The line separating section 29 on the west and section 28 on the east runs north and south, of course, and the section line crosses the boundary line somewhere in the northwest portion of the disputed area.
The chains of title' go back to 1907 to a common owner, Havard, who owned a 900 acre tract. In that year, Havard sold 500 acres to Beall, by means of a description *1047which, as synopsized by the trial judge, goes like this: 500 acres of swampland bounded north by Mary Walker, south by Beall (purchaser), east by (a blank space), and west by Havard (seller).
What in that description was called the west boundary (but is more accurately the southwestern boundary), is the boundary in dispute.
When purchased in 1907 that 500 acres was already bounded on the northeast by property belonging to the purchaser, the Beall Estate, which also owned contiguous property fanning out to the northwest and down to the southeast.

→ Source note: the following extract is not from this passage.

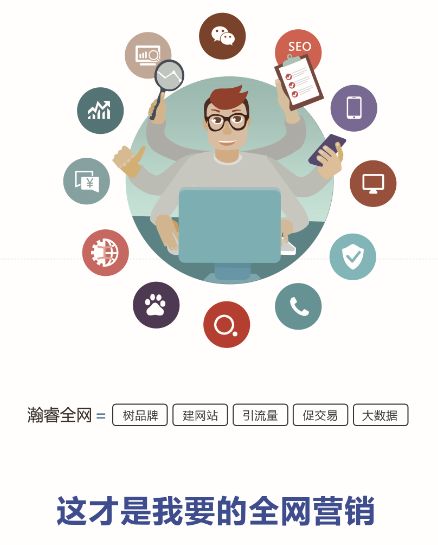 瀚睿集團 以互聯網生態整合營銷與數據服務賦能企業高效發展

The Martin interests entered the chain of title in 1942 with an option to purchase some 2,000 acres from the Beall Estate. A sketch attached to that option, at its boundary with what three years later became Hargis’ land, included all of lot 5 and about one-half of lot 6 of section 29, and all of lot 10 of section 28 and the major part of lot 11 of that section. In the instrument of sale a few days later the description of the 2,000 acres (which contains no separate identification of the 1907 sell off of the 500 acres) listed the “fractional part of lot 5 of section 29”, as well as “all of fractional section 28, with the exception of about 60 acres in the southwest corner thereof belonging to now or formerly the heirs of Mrs. A.D. Ha-vard.” No part of lot 6 of section 28 was included in that sale instrument. Thus, as between the sketch attached to the option and the language of the description in the deed, there were some rather glaring differences. These discrepancies occur right along the line where the boundary is.

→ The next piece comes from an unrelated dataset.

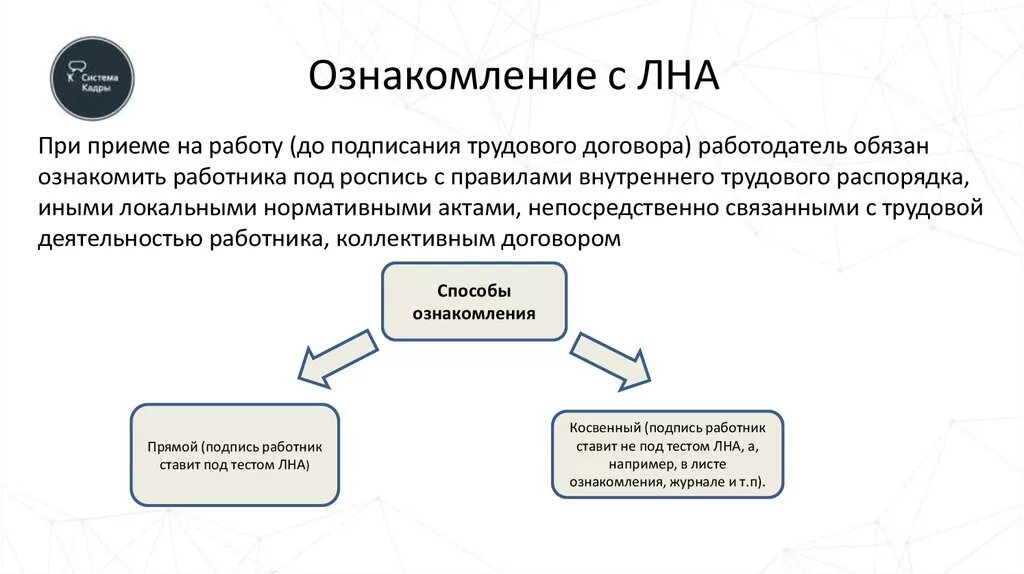 Локальные нормативные акты организации тк рф. Ознакомление с ЛНА. Ознакомление с локально нормативными актами. Листы ознакомления с локальными нормативными актами. Ознакомление сотрудников с локальными нормативными актами.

Hargis, the plaintiff, acquired his title in 1945 from the heirs of the common owner, Havard, by means of a sale describing 383 acres, more or less, bounded northeast and southeast by the Beall Estate or assigns, southwest by Bayou Bouef, and northwest by a public dirt road, and being the remainder of about 900 acres from which 500 was conveyed off the “east side” by Havard to Beall in 1907. The disputed boundary in this description is where the property is bounded northeast by the Beall Estate or its assigns.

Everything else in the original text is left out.